Bri, Wayne, Joe and Maya. They were all leaving. It was a good chunk of my group of friends. I’d only have a few left.
Bri had told me she was thinking about leaving a while ago. She told me that, among the three jobs she had, she worked with a company that found musicians for filmmakers looking to score their movies. They wanted her to work full time. They also paid double what Starbucks does.
Bri was only staying at Starbucks to finish undergrad. Starbucks has a program where, if you work a certain amount of hours a week, you can get your undergraduate degree from Arizona state for free. It’s a surprisingly good deal but, as Bri told me, what’s the point in going to school if you’re so tired you’re not learning anything?
As much as it pained me, I told her she should go. Chase the money. Live the dream, man, live the dream.
And now she was.
I had already gotten over the others leaving. That had been coming for a long time. In fact, my buddy John, who left to go to San Diego two or three weeks ago, was hired specifically to help us with a staffing shortage. We all had full knowledge that he would be going. I’d known Maya would be leaving for over three months now.
Bri was a surprise though. I don’t know what I would have said if Mike hadn’t already told me over the weekend.
I can sort of imagine what it’s like to live in a nursing home. You’d have a specter looming over you. Every touch, every laugh, every conversation, every interaction would be shadowed with the thought that this person could die very soon, and there is nothing you can do about it.
How horrible it must be.
Starbucks is kind of the same way. They’re not dying, but from my perspective they might as well be. I only hang out with two people from work, and even that is irregular, though i think that’s mostly because we are all very, very poor. There’s a good likelihood I’ll never see Joe or Wayne or Maya or Bri again. I’ll say bye on their last dayand that’s it.
“Don’t worry,” Bri told me later, “You’ll be next. How’d the Disney thing pan out?” Poorly, at least so far. Like everything related to the industry, promises get you about as far as you can throw them. Words are wind.
It sucks when people you like go, but I guess it comes with the territory. Part time, minimum wage work doesn’t lend itself to keeping people around. Im sure the management has hardened their hearts to it, as have all the lifers. For me, though, it still hurt.
Four hours later I was in my car, on the way to La Crescenta to a pool party in honor of my friend Ben, who was heading back to Wisconsin to start a family.
It was around five, my favorite time of day. The sun was dipping, the shadows were long, and everything started to look orange. There was no traffic, and the road was gorgeous. The thirty minute drive wasn’t bad at all.
I’ve been listening to an album on repeat for the past week.
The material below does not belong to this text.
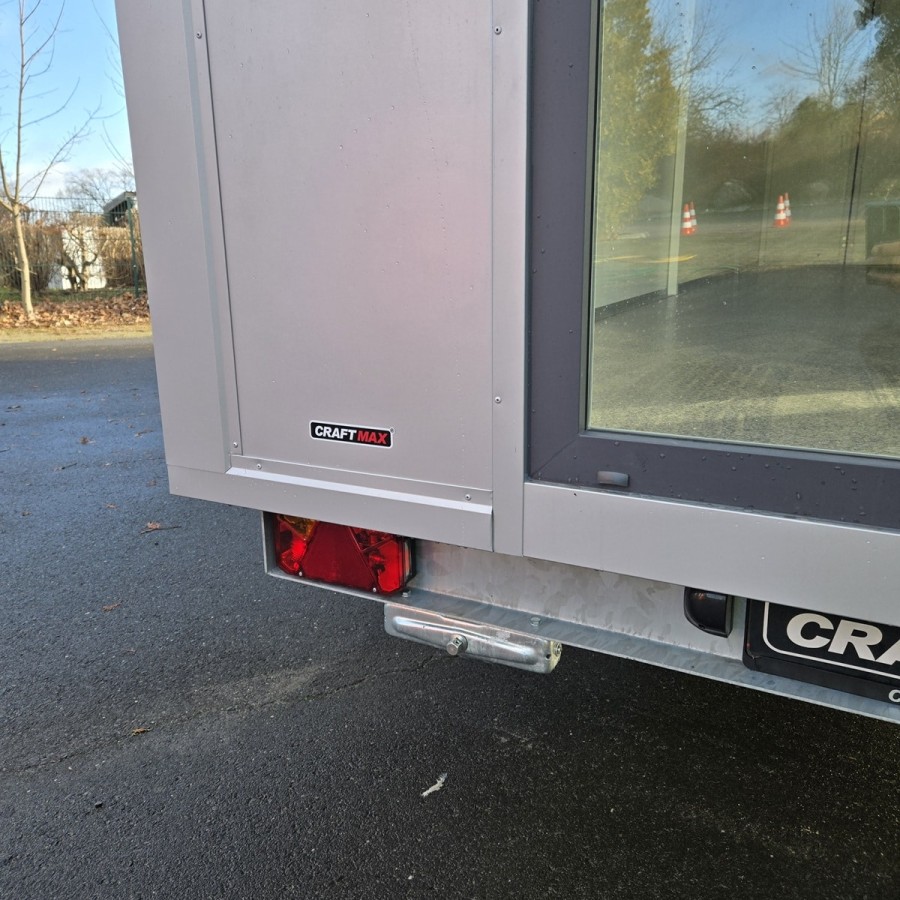MobilOffice-2700-Thermo-Sandwichpanele-6.00-x-2.20-x-2.40m-grosse-Glasfenster-u.-Tuerelemente-Verkaufsklappe-16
It’s The Mantle by Aggaloch, a sort of darkly beautiful metal/rock piece about life. I didn’t realize it until that drive, but, as I wove in and out of the mountains, I remembered that it was the same album I listened to almost on repeat on my epic five-day trip out here, almost exactly a year ago.
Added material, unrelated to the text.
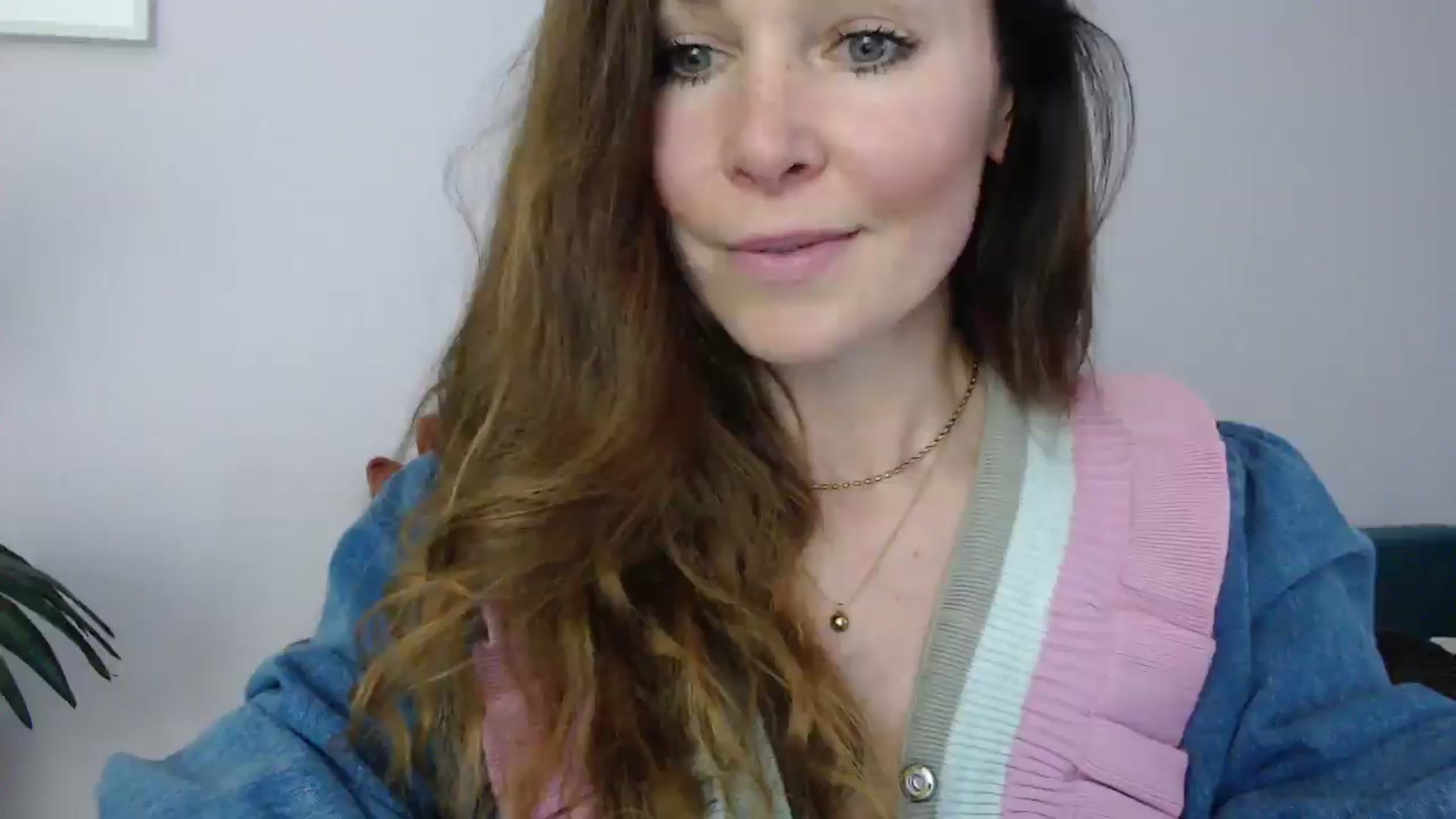 Gallery image thumbnail from Delilah_sweet's myfreecams stream on, 04/15/2025, 16:42 image 12 of 20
To me, it’s an album of change. As the opener starts, I can feel a door close, and another open. I can taste the wind blow across my face. I see the mountains of Tennessee, and the plains of Oklahoma. I see Texas long-grass and the mesas of Arizona. I see the Nevada desert, the grand canyon, the Mojave, and the rain. I see great empty spaces, the sun setting behind them, painting all the nothing red and orange, the sky afire with pinks and the promises of the West.
I walked into the party, and everyone was there, including a bunch of kids that had just graduated film school, and a few who graduated the year before us.
The juxtaposition wasn’t lost on me.
Saying goodbye to Ben was easier than saying goodbye to Bri, because I know I’ll see him again. Ben’s the kind of guy that would show up one day and say “hey, I’m making a feature film, want to help?” I would say yes.
Then it’d be my turn to quit my job at Starbucks, and chase that setting sun, heading for the horizon, following something new.
“You’re next,” I could hear Bri saying, “I can feel it.”